Dataset below:

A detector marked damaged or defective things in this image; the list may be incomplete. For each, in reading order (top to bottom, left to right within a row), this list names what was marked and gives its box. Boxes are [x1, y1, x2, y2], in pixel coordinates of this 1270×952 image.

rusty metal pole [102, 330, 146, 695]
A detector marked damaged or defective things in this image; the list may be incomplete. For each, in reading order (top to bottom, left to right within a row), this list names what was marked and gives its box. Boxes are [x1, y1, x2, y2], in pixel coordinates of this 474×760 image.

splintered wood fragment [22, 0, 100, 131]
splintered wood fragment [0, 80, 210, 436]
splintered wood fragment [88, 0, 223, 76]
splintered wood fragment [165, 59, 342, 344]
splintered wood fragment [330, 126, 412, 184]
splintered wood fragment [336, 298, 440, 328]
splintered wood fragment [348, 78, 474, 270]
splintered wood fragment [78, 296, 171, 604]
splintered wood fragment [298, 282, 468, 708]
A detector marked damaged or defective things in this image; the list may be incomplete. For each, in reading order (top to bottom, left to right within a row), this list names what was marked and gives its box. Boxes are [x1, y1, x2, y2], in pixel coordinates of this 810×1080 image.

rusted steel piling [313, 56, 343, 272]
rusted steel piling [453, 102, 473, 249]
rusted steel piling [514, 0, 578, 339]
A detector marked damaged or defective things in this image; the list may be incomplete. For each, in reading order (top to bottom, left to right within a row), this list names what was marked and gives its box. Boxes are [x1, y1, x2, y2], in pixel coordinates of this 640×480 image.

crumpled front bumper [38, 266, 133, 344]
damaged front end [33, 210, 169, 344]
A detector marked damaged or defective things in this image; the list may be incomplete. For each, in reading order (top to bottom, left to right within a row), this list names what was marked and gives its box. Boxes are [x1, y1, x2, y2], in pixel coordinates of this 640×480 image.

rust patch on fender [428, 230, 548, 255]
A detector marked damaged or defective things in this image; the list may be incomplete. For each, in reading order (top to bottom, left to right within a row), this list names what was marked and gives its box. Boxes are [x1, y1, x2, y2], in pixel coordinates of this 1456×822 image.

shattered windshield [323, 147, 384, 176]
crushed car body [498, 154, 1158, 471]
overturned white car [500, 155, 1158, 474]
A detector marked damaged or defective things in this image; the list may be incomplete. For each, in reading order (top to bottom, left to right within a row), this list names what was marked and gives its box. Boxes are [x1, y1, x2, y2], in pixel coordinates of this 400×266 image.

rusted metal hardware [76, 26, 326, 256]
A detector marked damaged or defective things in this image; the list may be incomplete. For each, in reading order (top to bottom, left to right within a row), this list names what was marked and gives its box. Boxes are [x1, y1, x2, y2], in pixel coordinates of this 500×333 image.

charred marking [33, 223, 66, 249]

End of Dataset.

Set the data down again in full. Keep it exact.

Your solution:
A detector marked damaged or defective things in this image; the list may be incomplete. For each, in reading order (top to bottom, left to right within a row), this list names what was marked and gives its box. Boxes are [x1, y1, x2, y2], in pixel coordinates of this 1270×952 image.

rusty metal pole [102, 330, 146, 695]
A detector marked damaged or defective things in this image; the list may be incomplete. For each, in reading order (top to bottom, left to right within a row), this list names what was marked and gives its box. Boxes are [x1, y1, x2, y2], in pixel coordinates of this 474×760 image.

splintered wood fragment [22, 0, 100, 131]
splintered wood fragment [0, 80, 210, 436]
splintered wood fragment [88, 0, 223, 76]
splintered wood fragment [165, 59, 342, 344]
splintered wood fragment [330, 126, 412, 184]
splintered wood fragment [336, 298, 440, 328]
splintered wood fragment [348, 78, 474, 270]
splintered wood fragment [78, 296, 171, 604]
splintered wood fragment [298, 282, 468, 708]
A detector marked damaged or defective things in this image; the list may be incomplete. For each, in reading order (top to bottom, left to right within a row), this list names what was marked and gives its box. Boxes are [x1, y1, x2, y2], in pixel coordinates of this 810×1080 image.

rusted steel piling [313, 56, 343, 272]
rusted steel piling [453, 102, 473, 249]
rusted steel piling [514, 0, 578, 339]
A detector marked damaged or defective things in this image; the list may be incomplete. For each, in reading order (top to bottom, left to right within a row), this list names what was marked and gives its box. Boxes are [x1, y1, x2, y2], in pixel coordinates of this 640×480 image.

crumpled front bumper [38, 266, 133, 344]
damaged front end [33, 210, 169, 344]
A detector marked damaged or defective things in this image; the list may be incomplete. For each, in reading order (top to bottom, left to right within a row), this list names what was marked and gives its box. Boxes are [x1, y1, x2, y2], in pixel coordinates of this 640×480 image.

rust patch on fender [428, 230, 548, 255]
A detector marked damaged or defective things in this image; the list may be incomplete. For each, in reading order (top to bottom, left to right within a row), this list names what was marked and gives its box. Boxes are [x1, y1, x2, y2], in pixel coordinates of this 1456×822 image.

shattered windshield [323, 147, 384, 176]
crushed car body [498, 154, 1158, 471]
overturned white car [500, 155, 1158, 474]
A detector marked damaged or defective things in this image; the list may be incomplete. For each, in reading order (top to bottom, left to right within a row), this list names what was marked and gives its box. Boxes are [x1, y1, x2, y2], in pixel coordinates of this 400×266 image.

rusted metal hardware [76, 26, 326, 256]
A detector marked damaged or defective things in this image; the list may be incomplete. For each, in reading order (top to bottom, left to right within a row), this list names what was marked and gives its box. Boxes are [x1, y1, x2, y2], in pixel coordinates of this 500×333 image.

charred marking [33, 223, 66, 249]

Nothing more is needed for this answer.